Occupy Vancouver has provided people with the opportunity to find fulfillment in the work they are engaged in and to develop new skills. This includes many people who have been unemployed or discouraged from looking for work due to the poor performing Canadian labour market. A lack of employment prospects can often cause many people to become discouraged and lose hope. These people can find themselves in precarious situations and are at an increased risk of falling into depression, drug use, or alcoholism.2
Before the Occupation, Reo Bousquet, 28, was trying to make ends meet, struggling with unemployment and suffering from depression. Since his involvement with the Occupy movement, his spirits have lifted and he was known around the camp for his positive attitude and for his hard work ethic. Reo has been spending most his time working with the Media Committee, and has been developing new skill-sets such as online live-streaming and video production. “Occupy Vancouver means the world to me. Now I’m focused on providing a better future for my wife and son,” said Bousquet.
Support and Socialization for Marginalized People
Ricky Lavallie says that he prefers being at the encampment because he often encounters violence in shelters. “Staying in the shelters was rough. People in the shelters didn’t like me because I’m First Nations and I would get beat up all the time,” said Lavallie. “It’s fun to be here with my new family. I’ve learned a lot and also shared the First Nations way with everyone here. People here are teaching me how to write in my diary, and to read.” Ricky says that no one had ever tried to teach him how to read or write before coming to Occupy Vancouver.

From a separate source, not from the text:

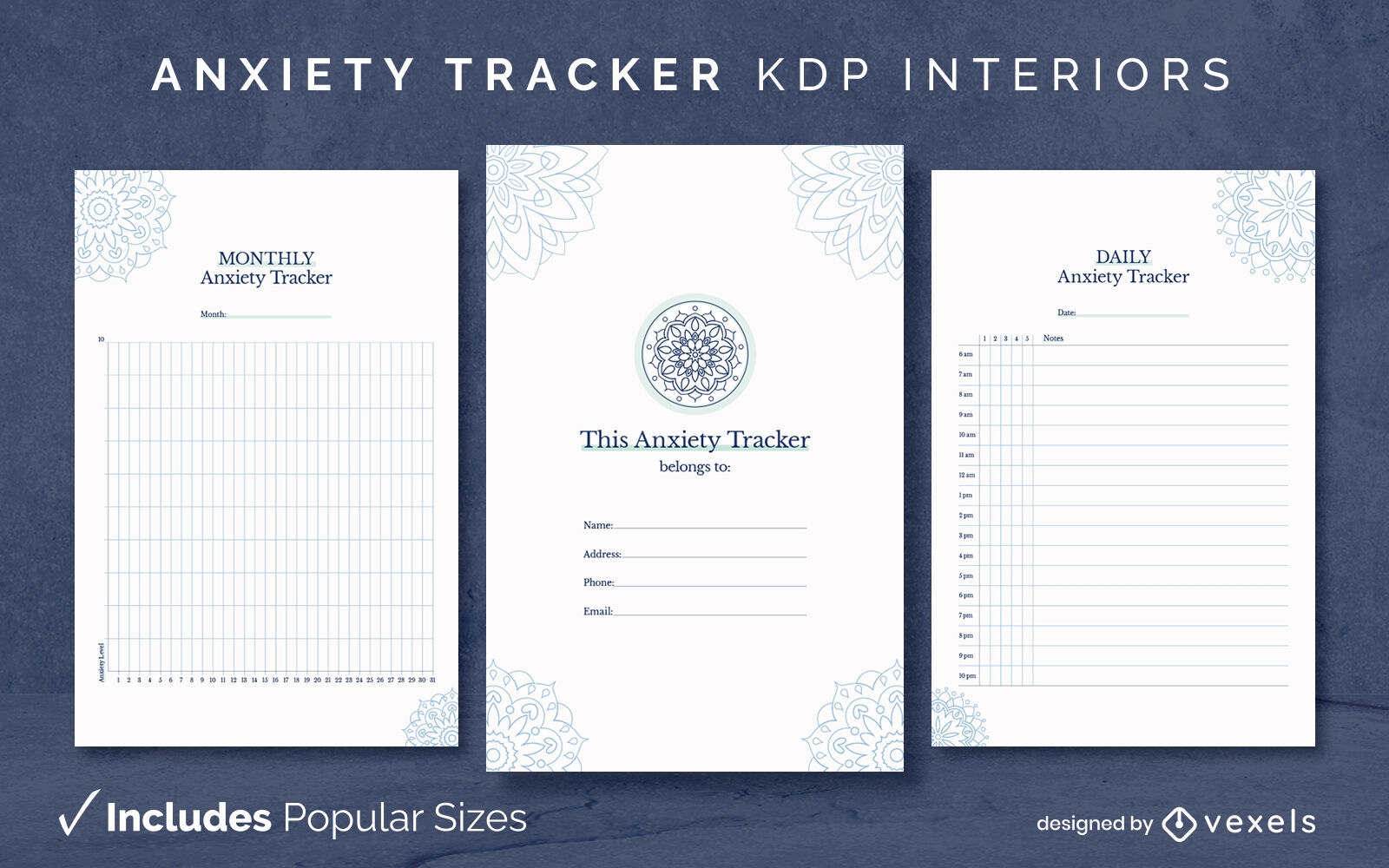 Anxiety Tracker mandala Design Template KDP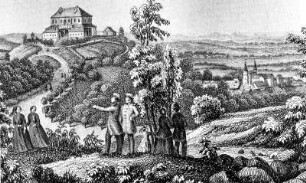 Gernrode am Harz mit Stubenberg links, historische Darstellung frühee 19. Jahrhundert, Sachsen-Anhalt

Political Engagement and Education
Around the world, the Occupy movement has engaged millions of people of all ages and walks of life. In Vancouver thousands of people have been repeatedly coming to the Art Gallery to volunteer, participate in the General Assembly, attend workshops, and listen to speakers.
By providing an opportunity for people to voice their concerns and act on issues that matter to them, Occupy Vancouver has politically re-energized a public that had grown too apathetic to vote. Through providing a collaborative venue for discussion and meaningful participation in politics, the movement has made a great many people feel empowered about participating in political discourse, and about having a say in the socio-economic issues that are important to them.